Scraped caption text data:
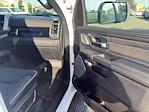 New 2026 Ram 1500 Laramie Crew Cab for sale #1430 - photo 19
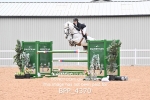 BPP_4370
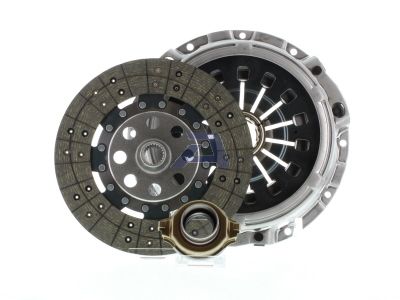 Aisin KM-048 Kit clutch repair Aisin KM-048 Kit clutch repair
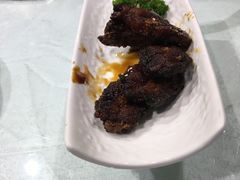 -渔堂公园餐厅·本帮菜(乐园路店)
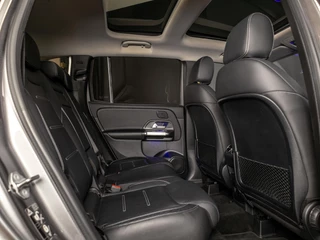 Mercedes-Benz GLB – thumbnail 22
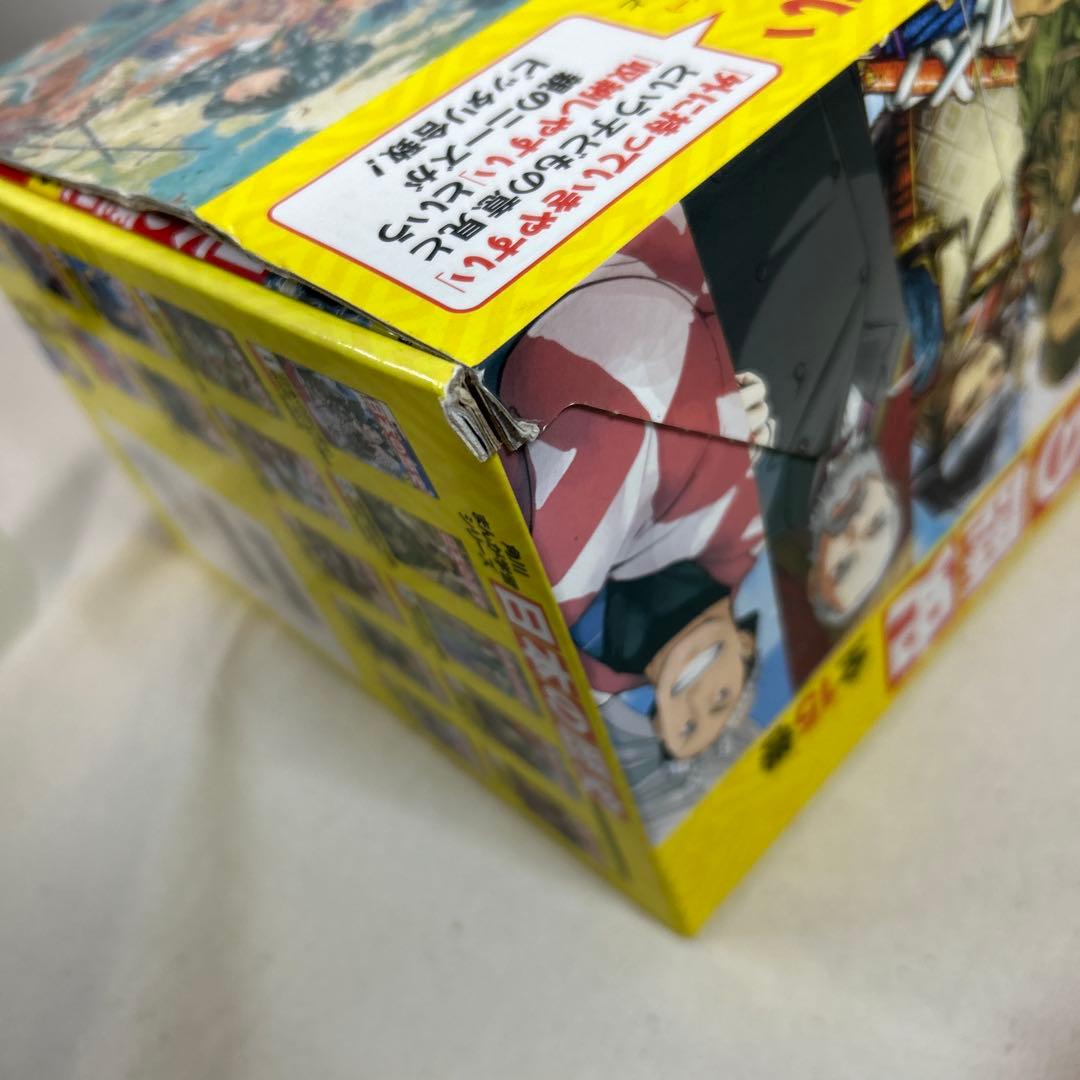 さ*花様 角川まんが学習シリーズ 日本の歴史 全15巻　ボックス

▸ **EXERCISE DETAILS**:
Every line of the data above is to be repeated exactly; the images are to be left out.

▸ **SOLUTION TO THIS PROBLEM**:
 New 2026 Ram 1500 Laramie Crew Cab for sale #1430 - photo 19
 BPP_4370
 Aisin KM-048 Kit clutch repair Aisin KM-048 Kit clutch repair
 -渔堂公园餐厅·本帮菜(乐园路店)
 Mercedes-Benz GLB – thumbnail 22
 さ*花様 角川まんが学習シリーズ 日本の歴史 全15巻　ボックス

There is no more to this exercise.